Work instructions:
Nothing but the lines from the start of the data through the line with "[New] DIY Heavy" should appear in the answer, each retyped exactly, and pictures should not.

Supplied material:
+ + + + +
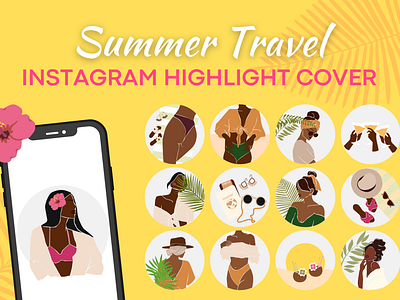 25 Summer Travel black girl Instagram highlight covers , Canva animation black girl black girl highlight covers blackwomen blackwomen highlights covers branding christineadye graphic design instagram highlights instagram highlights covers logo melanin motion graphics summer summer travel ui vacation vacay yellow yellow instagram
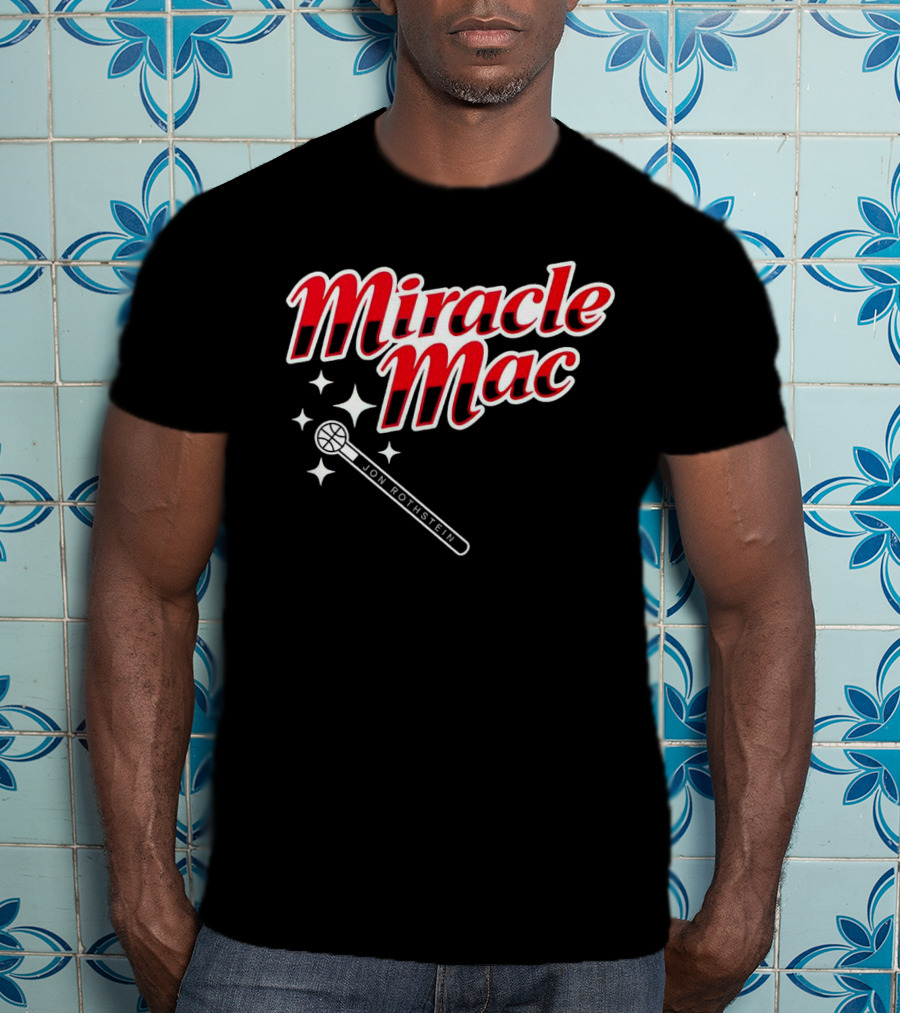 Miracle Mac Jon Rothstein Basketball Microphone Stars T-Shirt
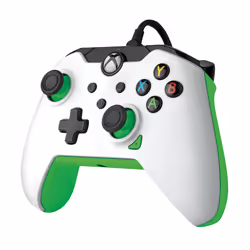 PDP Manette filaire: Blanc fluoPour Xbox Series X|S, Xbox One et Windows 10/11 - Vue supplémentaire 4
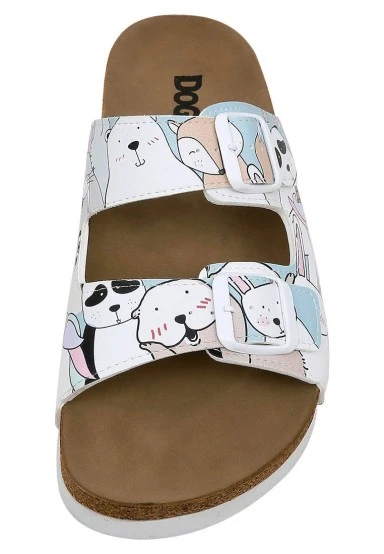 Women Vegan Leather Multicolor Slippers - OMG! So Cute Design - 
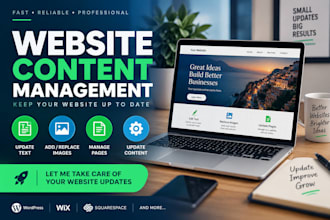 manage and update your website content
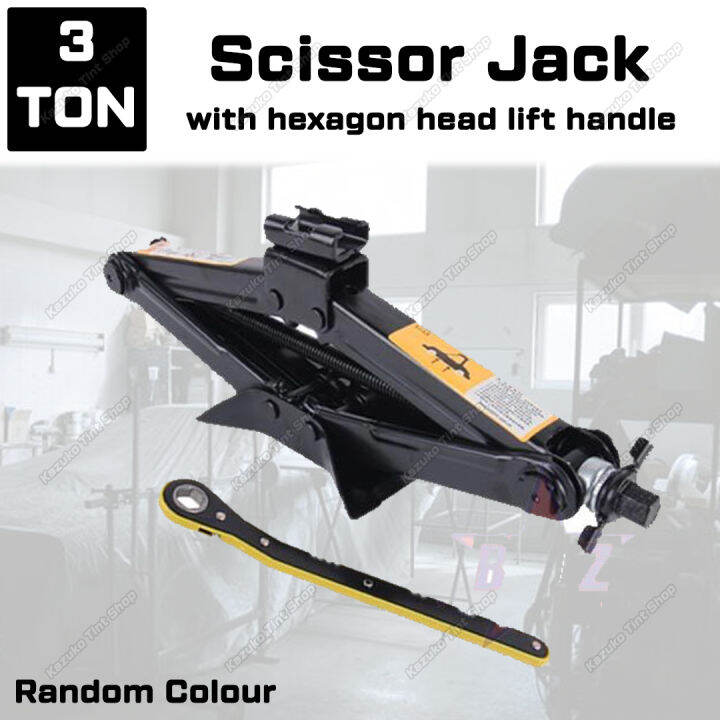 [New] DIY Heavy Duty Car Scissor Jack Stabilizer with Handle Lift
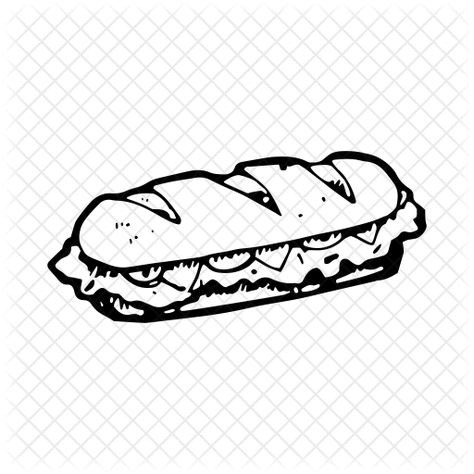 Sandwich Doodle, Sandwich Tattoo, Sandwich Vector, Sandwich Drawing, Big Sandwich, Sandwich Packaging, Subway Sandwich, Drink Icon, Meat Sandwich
+ + + + +
Task solution:
 25 Summer Travel black girl Instagram highlight covers , Canva animation black girl black girl highlight covers blackwomen blackwomen highlights covers branding christineadye graphic design instagram highlights instagram highlights covers logo melanin motion graphics summer summer travel ui vacation vacay yellow yellow instagram
 Miracle Mac Jon Rothstein Basketball Microphone Stars T-Shirt
 PDP Manette filaire: Blanc fluoPour Xbox Series X|S, Xbox One et Windows 10/11 - Vue supplémentaire 4
 Women Vegan Leather Multicolor Slippers - OMG! So Cute Design - 
 manage and update your website content
 [New] DIY Heavy Duty Car Scissor Jack Stabilizer with Handle Lift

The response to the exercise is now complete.